He said to him, “‘You shall love the Lord your God with all your heart, and with all your soul, and with all your mind.’ This is the greatest and first commandment. And a second is like it: ‘You shall love your neighbor as yourself.’Matthew 22:37-39, NRSV
One can’t pursue the core of Christianity without considering this passage. The greatest commandment, according to Jesus, is one that held a central place in Israelite history, and Jesus confirms its importance for his disciples when he answers this question: what is the greatest commandment? But, the greatest commandment isn’t our topic.
Jesus identifies the second greatest commandment (unsolicited): love your neighbor as yourself. He says this is like the first (love God). I don’t know how many times I’ve talked about loving your neighbor or heard others talk about it, but that isn’t our topic, either.
Our topic is what surrounds that second commandment. It’s the part that gives us a frame of reference for what loving our neighbor looks like, functionally: love as [you love] yourself. Loving our neighbors parallels loving ourselves, and that can be difficult to parse. We often don’t have a good view of ourselves. I don’t mean that we don’t think well enough of ourselves, but we often don’t see ourselves clearly.
There’s a circular process to loving ourselves and loving our neighbor. Our understanding of one builds on the other, which then informs the first. For example: Ephesians 5:29 mentions that people nourish and tenderly care for their own bodies. The author is speaking about husbands and how they should love their wives as they love themselves. Loving oneself means nourishing and tenderly caring for one’s own body. Therefore, loving others (e.g. one’s spouse) means nourishing, and tenderly caring for, others’ bodies.

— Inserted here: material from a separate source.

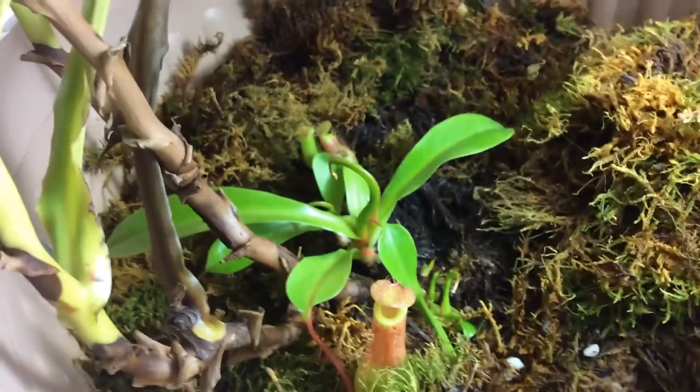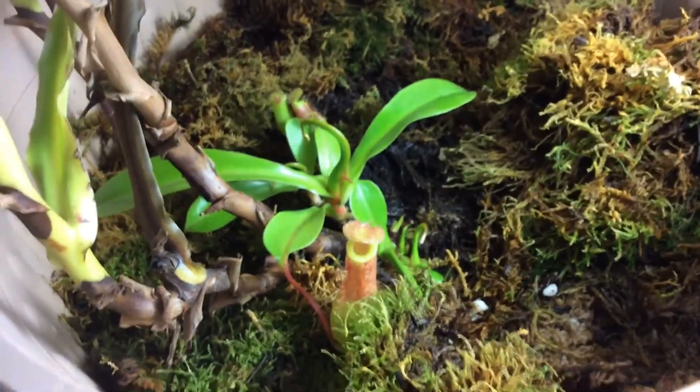For media, I use pure long fiber sphagnum moss. You can also add orchid bark and 20% perlite, though perlite is alkaline and most Nepenthes like high acidity. The top layer is boreal moss I collected from the wild. Don't use any other types of moss for Nepenthes media — only long fiber sphagnum moss. Decorative green moss will kill your plant.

Similarly, James writes that if we simply wish someone well but don’t supply for their bodily needs, it’s no good. (James 2:15-16) I believe the implication is that the person to whom we’re wishing well is in need of food, and we only give them words (faith without works), but the idea is the same. We wouldn’t do that to ourselves; in loving ourselves, we nourish our own bodies. If we simply say we love our neighbor but refuse to act on that love in practical ways (e.g. helping nourish their bodies when they can’t nourish themselves), what good is it?
This is only an example of how understanding the ways we love ourselves informs how we love our neighbors, but as I mentioned, it’s a circular process. As one understanding builds, so does the other, and as the other understanding builds, so does the first.
Take 1 Corinthians 13, for example. This passage is most often applied to how we love our neighbors. It’s not difficult to see how the descriptions of love can be applied to others. After all, many of the characteristics are inherently interrelational. Envy, boasting, and arrogance are things we express about or toward others, and I think most people see kindness and patience as ways we treat others or postures we have toward others. That’s fine; I think the author meant them to be about others in the context of the letter. The Corinthians struggled to make space for one another, always trying to one-up each other in prowess, public recognition, spiritual gifts, etc. Remember, though, that we love our neighbors as we love ourselves.
If the description of love in 1 Corinthians 13 is about how we love others, then the second greatest commandment also makes it about how we love ourselves. What might it look like to hold our views of ourselves in the same light? Do you imagine that God would want any of us to speak in the tongues of men and angels, to move mountains, to prophesy and have all knowledge, or to help everyone around us but to hate ourselves? How could we claim to have love and use our gifts and resources for love of others without extending that same love to ourselves?
As with others, we can be patient with ourselves, kind to ourselves, not rude to ourselves, and not irritable with, or resentful toward, ourselves. We can believe in ourselves, hope in our futures, and endure even our own shortcomings and hardships. As the author writes earlier in the letter: I do not even judge myself (4:3).
Now we have two examples of how loving ourselves and loving our neighbors can inform each other, and as we understand one more and more, that understanding ought to continue the cycle of understanding the other. Because God is love, there’s no shortage of passages concerning love in scripture, which we can be challenged to consider from both sides. And, because God is love, God’s love for us and for others also informs our understanding of love for ourselves and love for others.
In that passage about spouses in Ephesians 5, Jesus’s love for the church is also compared with the husband’s love for the wife. Our love for ourselves informs our love for others, which also informs our understanding of Jesus’s love for us as believers.
Another popular verse, John 3:16, expresses the depth of God’s love for all the world, as does John’s opening chapter. Taken together with 1 Corinthians 13, those passages work to expand our understanding of how God’s love informs our own love, both for ourselves and others.
Passages like Luke 6:27 and Matthew 5:38-48 teach us to do good to ourselves as we would to our neighbors (our enemies), a difficult task in a society that fosters self-punishment, guilt, and shame.
Self-compassion, self-care, self-love – this is important to how we love our neighbors and how we love God. Whenever you read a passage about loving ourselves, loving God, or loving others, take some time to reframe the passage to apply to all three. Let your understanding of each inform your understanding of the others, because we’re called to love our neighbors as ourselves.